Circus side shows

I  finished the peaches last night (at 11 pm).  (The tally?  Twenty-one quarts of canned sliced peaches, 11 pints of jam... or peach syrup if you insist that jam must actually be jelled, and 7 pie's worth of frozen peaches in the freezer.  Plus we still have a fruit drawer full of fruit to eat.)  I can now move on to other things.

And those other things?  Pondering why this past weekend's article in the paper about large families annoyed me so much.  It wasn't necessarily a bad article.  The mothers of the families interviewed (one of them Mary, from Owlhaven, a blog I regularly read) were articulate and normal sounding.  There wasn't even the requisite interview in the these types of articles from the 'opposition'.  (In homeschooling articles this view is routinely represented by either an upper level school superintendent type or teacher's union rep and in a large family article it would be either some child psychologist about the dangers of being one of a herd or a more normal (in the eyes of the writer) person with a regular number of children saying something along the lines of, "I just don't know how they can do it.")  Really, the article was fine, and while I've been slicing and slicing and slicing peaches, I've been trying to think through my incredibly negative reaction.

And I've come to two conclusions.  The first is that it seems that large families (and by large, the article was definitely including families with four or more children) have moved into the status of circus side show performer.  The side show was a sad commentary on how society treated people who were outside the mainstream, often through no choice of their own, but because of a physical deformity or genetic disease.  Instead of treating them as just as human as the rest of society, they were relegated to entertainment status; something to stare at and then turn away and go back to 'normal' life without having to seriously consider the moral implications involved. 

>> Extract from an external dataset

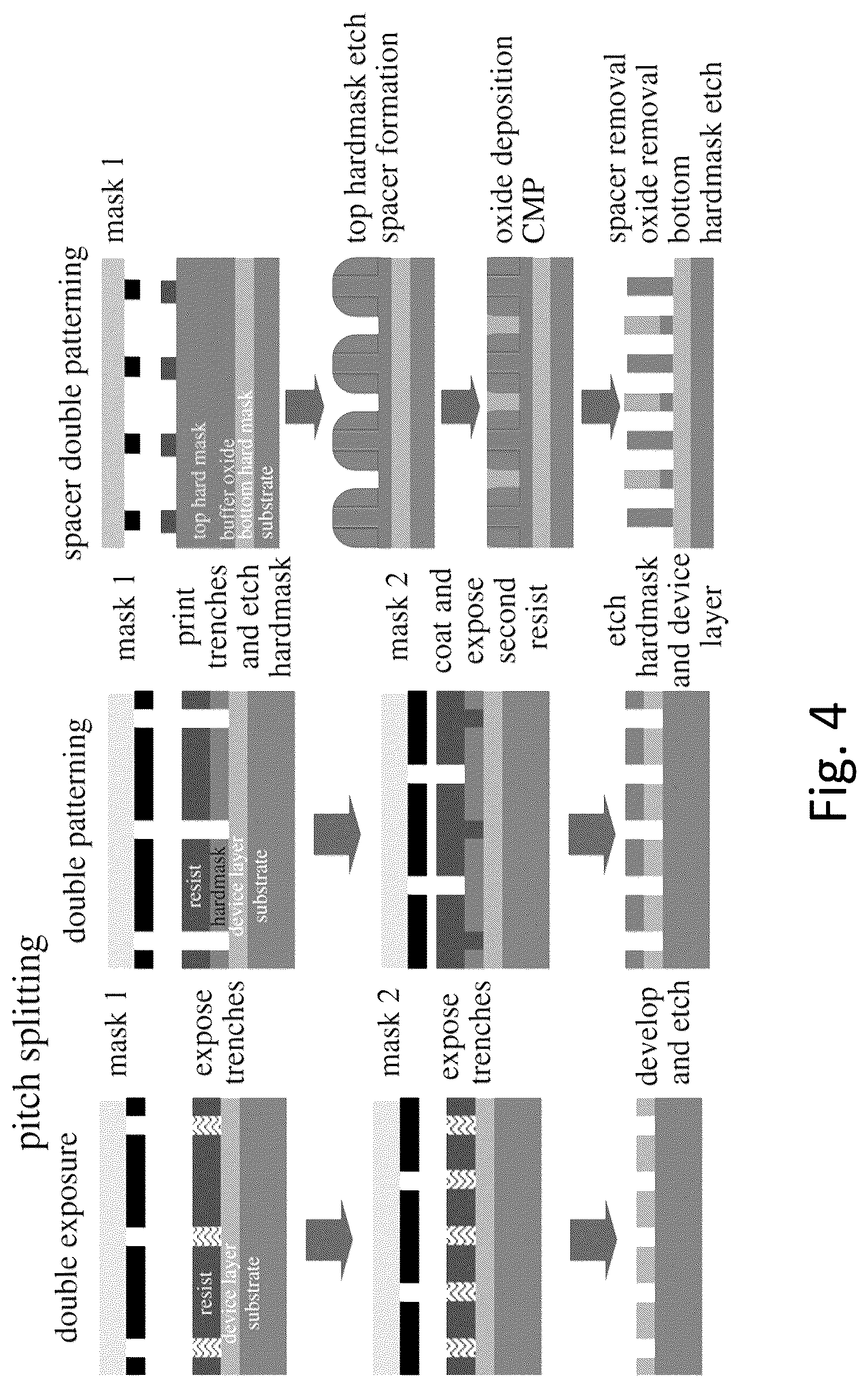 Patent US12615784 Figure 16 – 3D semiconductor memory device and structure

It's no secret that large families have moved into a form of entertainment.  Television networks have made buckets of money showing the population the lives of many large families.  And judging from the various comments I've heard about them, many people watch because they are waiting to see a train wreck.  Either the train wreck happens onscreen or they believe that the train wreck must be coming at any moment because there is no way that a family with 19 children can be normal and raise functioning adults... something must give at some point. [2023 me popping into say, yes, that particularly family was a train wreck. A horrible, messy, traumatic train wreck. But it's root was the cult philosophy they were following, not necessarily the number of children. There is no way to tease that one dynamic... number of children... out from all the other problematic behaviors that were happening. Carry on with your reading, now.] The reasoning behind this is:  "If I, who have only 1 or 2 children can barely cope with the one or two that I have, there is no way a woman can possibly manage more.  Something has to give and surely the children are living a deprived and emotionally arid life."

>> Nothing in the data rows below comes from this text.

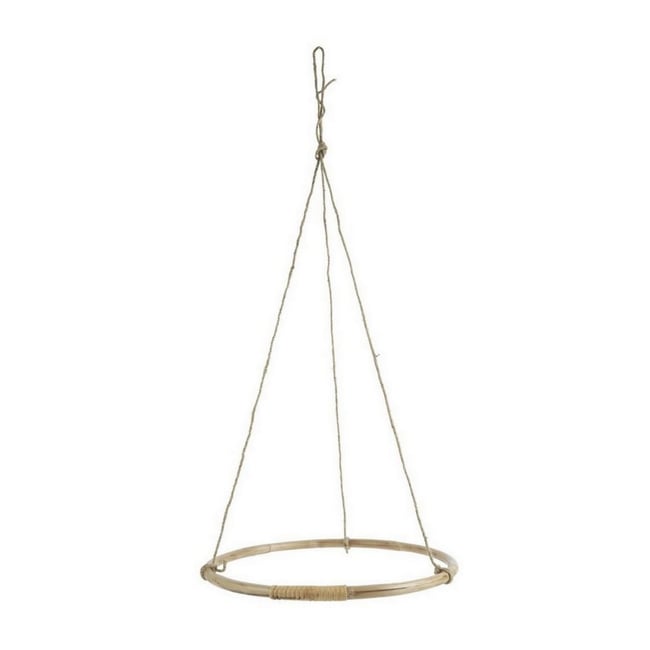 Mobile décoratif à customiser Couleur v002237 <span itemprop=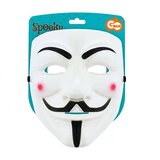  Maska Želvji Ninja Leonardo | Shoptok.si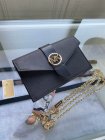 MICHAEL KORS Original Quality Handbags 27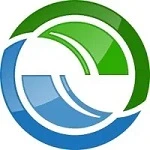 Syncovery Premium 11.15.8.208 + crack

The other reason that I think explains my negative reaction is the sidebar article that accompanied the main one.  The sidebar which began something along the lines of, "Yes they are expensive."  And here is the real crux of my annoyance.  More and more, children are not viewed as human beings who are valuable because they are created in the image of a mighty and loving God, but on economic terms.  How much are they going to cost us?  What losses will we have because we chose to have children?  What will I miss out on buying or what trips will I have to fore go because I have to feed these extra mouths?  And if you are an adoptive parent, I'm sure you know full well the question, "How much did you pay for him?" (Which, by the way, is probably one of the single most insulting things you can say to an adoptive parent.  Just don't do it!)  But it does highlight how society has come to equate children with cost.  Once again we treat children in a way that adults would find highly insulting.  No one wants their value as a person to be calculated with a cost-benefit analysis.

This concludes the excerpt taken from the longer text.